All the algorithms were evaluated on two metrics. It can be seen that hunter has consistently outperformed both pelt and dynp on both the metrics. In all the experiments we had an margin of error as 10 seconds.

4.3.7. Correlation to the number of points
There is a positive correlation between the number of points and accuracy. As the number of points increase so does hunter’s performance. For Figure 3 it can be seen that hunter outperformed both PELT and DYNP with a huge margine.
4.3.8. Correlation between delta error and algorithms
Hunter’s performance increases if we allow a larger margin of error. Hunter is able to get an F1 score of 0.1481 with an delta error of one second, where PELT and DYNP need a margin of error of at least 3 seconds to get a non-zero score. This is a key characteristic why E-divisive has served us well for detecting regressions in CI. Preferably we like to know the exact commit that caused a regression, not just the general area whereabouts a regression is suspected. E-divisive is superior in satisfying especially this requirement! The performance of all algorithms increases drastically as we give them slightly more flexibility in terms of margin of error. With a margin of error of 4 seconds we see that the performance increases to 0.612 for Hunter. DYNP starts to catch up with Hunters accuracy at 15 seconds.

Algorithm | Hunter | Pelt | Dynp | |||
Metric | ||||||
Single Change Point | ||||||
Scenario1 | 0.261904 | 0.166667 | 0.0 | 0.0 | 0.0 | 0.0 |
Scenario2 | 0.466667 | 0.305556 | 0.027027 | 0.013698 | 0.285714 | 0.166667 |
Scenario3 | 0.466667 | 0.305556 | 0.040556 | 0.020698 | 0.285714 | 0.166667 |
Two Change Points | ||||||
Scenario4 | 0.666667 | 0.666667 | 0.060606 | 0.031746 | 0.190476 | 0.111112 |
Scenario5 | 0.888889 | 0.833334 | 0.090909 | 0.047619 | 0.095238 | 0.055556 |
Scenario6 | 0.490476 | 0.327777 | 0.0 | 0.0 | 0.0 | 0.0 |
Four Change Points | ||||||
Scenario7 | 0.925926 | 0.866667 | 0.249999 | 0.142857 | 0.444445 | 0.285714 |
Scenario8 | 0.731313 | 0.579365 | 0.085713 | 0.045073 | 0.095238 | 0.055556 |
Scenario9 | 0.818182 | 0.714286 | 0.016460 | 0.00843 | 0.0 | 0.0 |
5. Lessons Learned
We have now been operating Hunter for multiple teams for close to 2 years. In that time we’ve made a number of improvements in addition to the algorithmic changes covered in Section 3. The lessons we have learned, and the changes made in response, helped Hunter to become the de facto choice for statistical significance detection inside of DataStax.

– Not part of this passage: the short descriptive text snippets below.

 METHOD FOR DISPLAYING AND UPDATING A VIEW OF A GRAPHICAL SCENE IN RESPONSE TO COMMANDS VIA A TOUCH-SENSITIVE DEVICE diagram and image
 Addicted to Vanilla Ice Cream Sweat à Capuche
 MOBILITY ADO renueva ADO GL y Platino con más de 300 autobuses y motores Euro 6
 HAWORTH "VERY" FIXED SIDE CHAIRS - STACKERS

5.1. More Data Points Are Better
We originally started off with 2 weeks worth of data points. Given that performance tests were run once a day this gave us 14 data points. This decision was primarily because we wanted to avoid the delay in collecting lots of data from our graphite server. This proved to be far too few data points to get meaningful results from Hunter and we increased it to a month (around 30) by default. This wider time range has allowed Hunter to deal with noise in the results much better and now we see fewer false positive change points. We plan to experiment with data sets covering a longer period of time in the future to see whether we can reduce the false positive rate even further.
5.2. New Change Points Matter Most
Once a change point has been reported to a developer it does not make sense to keep reporting it. When Hunter discovers many change points, reporting them via Slack can make the results overwhelming and make it difficult for developers to analyse. Things are made worse if a change point signals a performance regression that has since been fixed because Hunter will report both the old regression and more recent improvement as separate changes.

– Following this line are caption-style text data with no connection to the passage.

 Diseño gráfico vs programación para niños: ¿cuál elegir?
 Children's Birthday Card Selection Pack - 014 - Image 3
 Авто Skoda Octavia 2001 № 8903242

To quieten the output of Hunter’s Slack feature, we capped results to only show change points from the last 7 days. While this does ignore valuable data because the magnitude of the change point can be updated as new data is processed, those changes are not important enough to spam everyone on the Slack channel. In the case where developers need to see the full list of results they can run Hunter manually on the data series.
5.3. Change Point Detection Cannot Fix Noisy Data
One of the teams using Hunter was afflicted with frequent change point messages via the Slack bot. After investigating these change points they discovered that the performance of the application hadn’t changed, rather the change in benchmark results was caused by unstable hardware performance in a private data center. Changes of +- 10% for the median latency were typical.
While Hunter can detect statistically significant changes in time series data, it is still not impervious to data that contains wildly fluctuating points such as that produced by running benchmarks on untuned hardware.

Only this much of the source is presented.